If you have any questions, just give us a call on 01363 82795.
What should I feed my hens?
Layers pellets or mash should be provided freely to hens during the day along with a fresh supply of water. They are a mixture of wheat, barley, oat and maize. Chickens will eat roughly 100-150g of food a day and on a hot day a chicken can drink up to 500mL of water.
Chickens really enjoy having a handful of corn scattered outside in their run as a treat but it is better to let them fill up on pellets/mash in the morning and let them have treats in the afternoon. They also love greens and kitchen scraps, but don’t give them potato peelings without cooking them first.
Hens require flint grit and soluble oyster shell grit to keep them healthy. The flint grit is to help them break down food in their gizzard and the oyster shell grit is to provide calcium so that the hens provide good strong egg shells.
What should I use as bedding?
We recommend shavings in the house (as it’s much easier to clean out than straw) and straw in the nest box as it stays nice and fluffy. Never use hay as it can go mouldy very quickly and cause respiratory problems.

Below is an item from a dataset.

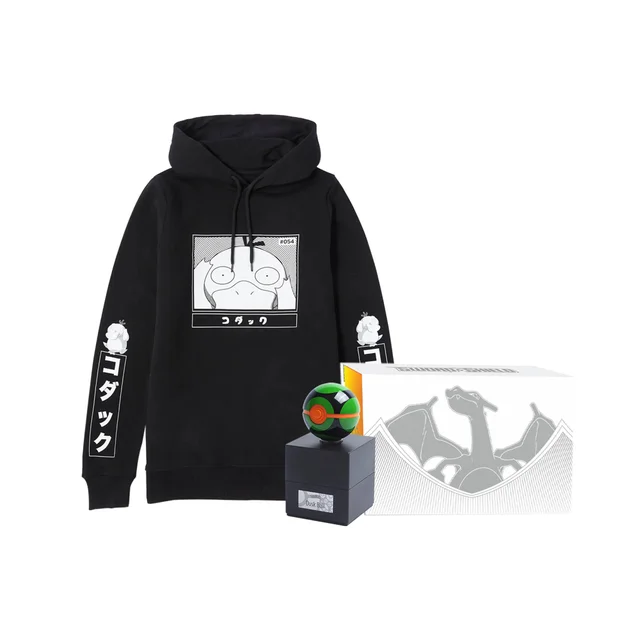 Lot Pokémon Ultra Premium Hoodie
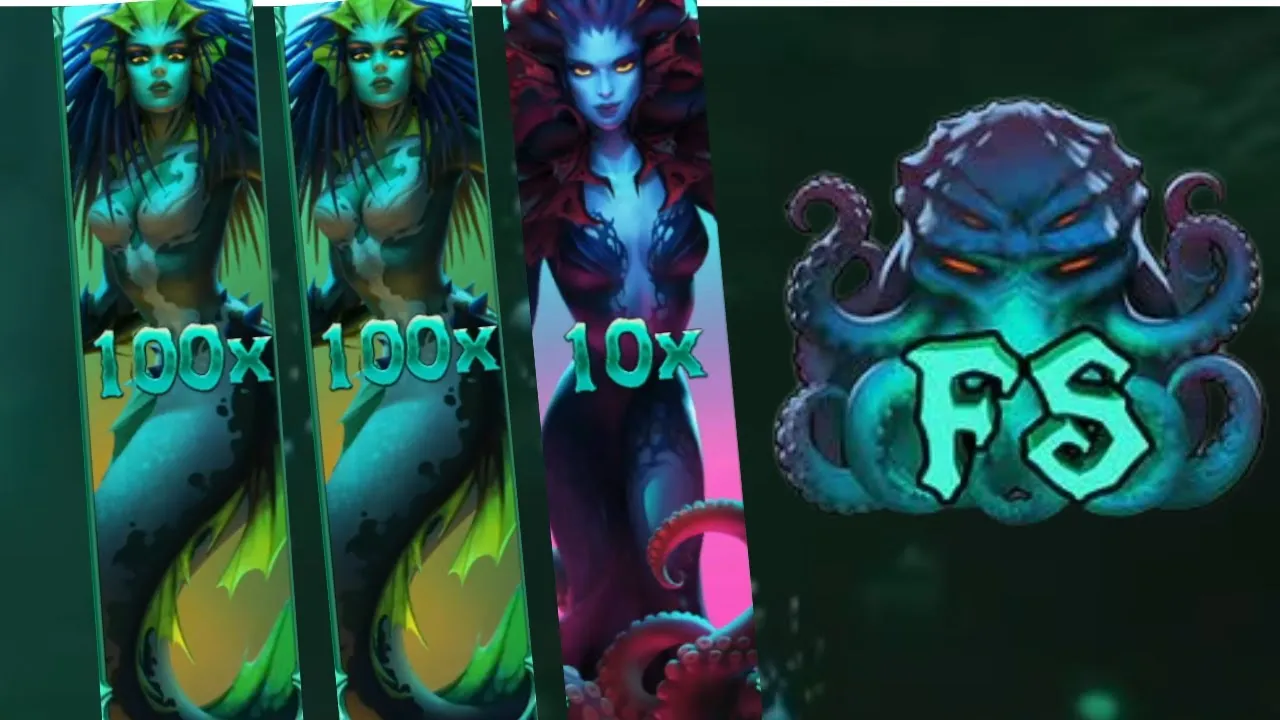 Beast Below Free Spins Win: 10x Multiplier Hits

What do I do with my chickens when I get them home?
So that your chicken can get used to their new home, it’s best to keep them shut in their house for the first day and night. If the house is not very roomy (simply housing a nest box and a perch) and it’s early in the day, put them into the house for 2/3 hours before letting them out into the run.
If it’s later in the day, it’s fine to keep them in the house overnight and let them out into the run in the morning.
If you plan to let them free range, it’s best to keep them restricted to the house and the run for 4 to 5 days to make sure they know where to return to roost.
If you can’t chase them into the run, it might be worth putting a torch in their house as they are often drawn to the light at night.
How do I introduce new chickens to an established group?
Put your new birds in the house once the old birds are outside and let the old birds back in the house when the new birds are already in the house and roosting.
Open the house up as normal in the morning. Chickens always have to establish a pecking order, keep an eye on your hens for the first few days and once the pecking order is established, they should get along fine together. It is a good idea to offer an extra feeder and drinker in the run.
How often should I clean my chickens' house out?
Even if you regularly clean your chicken house it is really important that you thoroughly clean out your hens’ house every 2 to 3 months. After doing the usual clean, take out all the detachable parts (roosting bars, nest boxes etc) and scrub with a suitable disinfectant from a pet shop. Allow everything to dry in the sunlight and, once dry, give the house a good dusting with mite powder.
Will my hens need worming and treating for lice and mites?
Yes. Apple Cider Vinegar is a great natural wormer, it’s cheap and easy and you put it in their water (10mL per litre of water). It’s also a great tonic and keeps them in good feather and laying well.
We recommend you dust your hens with lice and mite powder every couple of months as a precaution to ensure that your hens stay parasite free. Dust the hens and the house on the same day. Dust once a month in the summer.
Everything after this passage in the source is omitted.